INFORMATION SECURITY POLICY

How can you contact us?

You can reach us at any time during the day at +90(216)466 7342 or via our e-mail address info@modprocess.com.

Purpose
The purpose of the Information Security Policy is to prevent information security incidents or minimize the risk of damage in order to ensure business continuity of Modprocess Makina San ve Tic A.Ş and its affiliated group companies and to reduce the impact of potential threats.

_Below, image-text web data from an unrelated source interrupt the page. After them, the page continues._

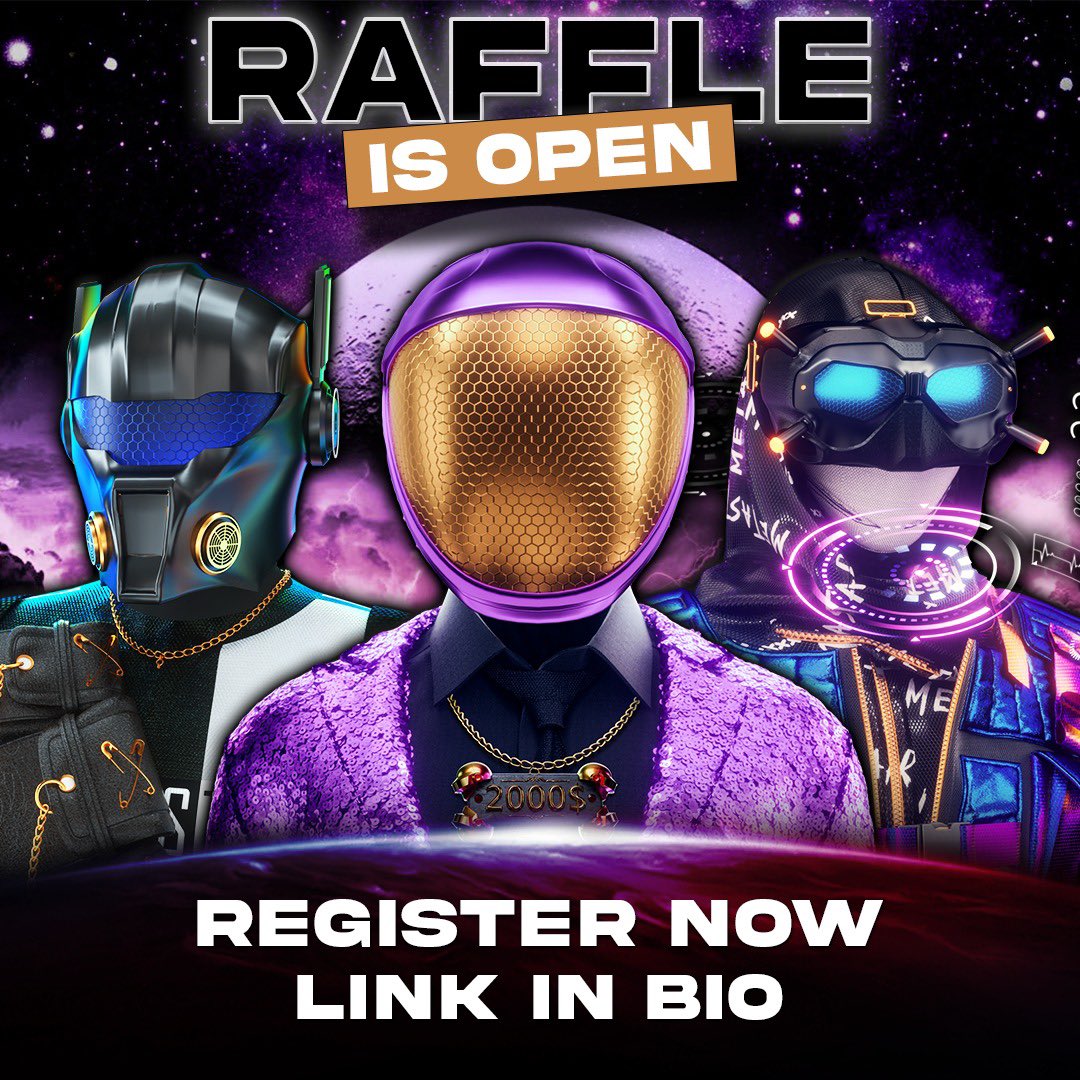 TheMetaStars's tweet image. Don't forget that registration for the raffle has begun. Everyone will be allow to mint the Public Sale but the raffle will give you the chance to mint your Meta Stars 1 hour before the public mint. 

FILL THIS FORM TO PARTICIPATE:  bit.ly/themetastars-r…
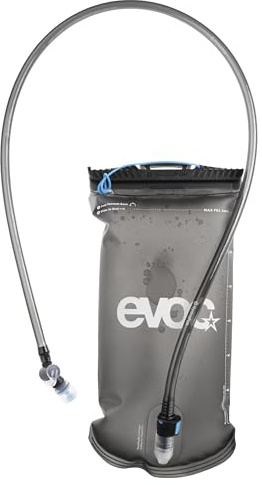 EVOC HYDRATION BLADDER 1,5 vescica di idratazione, sacca idrica (sacca idrica a prova di perdite, tubo flessibile, senza BPA e PVC, volume: 1,5 l), grigio carbone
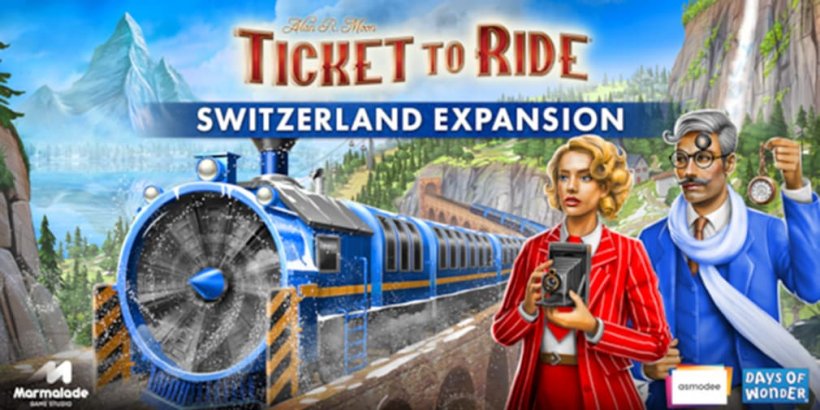 Ticket to Ride がスイスに新たな拡張を開始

In this context, the Information Security Management System was established and it was aimed to comply with the ISO 27001:2013 standard.

Scope
This policy covers the information assets within Modprocess Makina San ve Tic A.Ş. It is implemented by employees in all locations and suppliers / contractors inside and outside the location.

Responsibility
Information Security The Board of Directors is responsible for ensuring the installation and operation of the Information Security Management System in accordance with the ISO 27001:2013 standard, within the scope of ensuring that the confidentiality, integrity and accessibility values ​​of the company’s information assets are protected and that the risks to the processes are kept at an acceptable level approved by the senior management. Ensuring that the Information Security Management System meets the requirements of the Personal Data Protection Law (KVKK) is among these responsibilities.

Politics

  • The goal of the policy is to protect our companies’ information assets against internal and external intentional or unintentional threats, including their own data and data transmitted by stakeholders.
  • Modprocess Makina San ve Tic A.Ş Coordinator has approved this policy.
  • The Information Security Policy secures all the following requirements:
    • Defining processes and information assets and carrying out risk assessments regarding them methodologically.
    • Protection of information from unauthorized access.
    • Ensuring the confidentiality of information.
    • Protecting the integrity of information.
    • Ensuring access to information whenever business processes need it.
    • Fulfillment of legal obligations and legal obligations arising from contracts.
    • Developing and improving business continuity plans.
    • Providing Information Security training to all employees.
    • Ensuring that all Information Security violations or suspected violations are reported to the Information Security Board of Directors and reviewed.
  • Procedures and associated instructions have been defined to support this policy.
  • Information Security is provided by taking into account business needs.
  • The Information Security Board of Directors ensures the development, documentation and continuous improvement of this policy and all related documents and the Information Security Management System.
  • All management staff are responsible for ensuring that the units they manage comply with this policy and related procedures.
  • Compliance with the Information Security Policy is mandatory for all employees.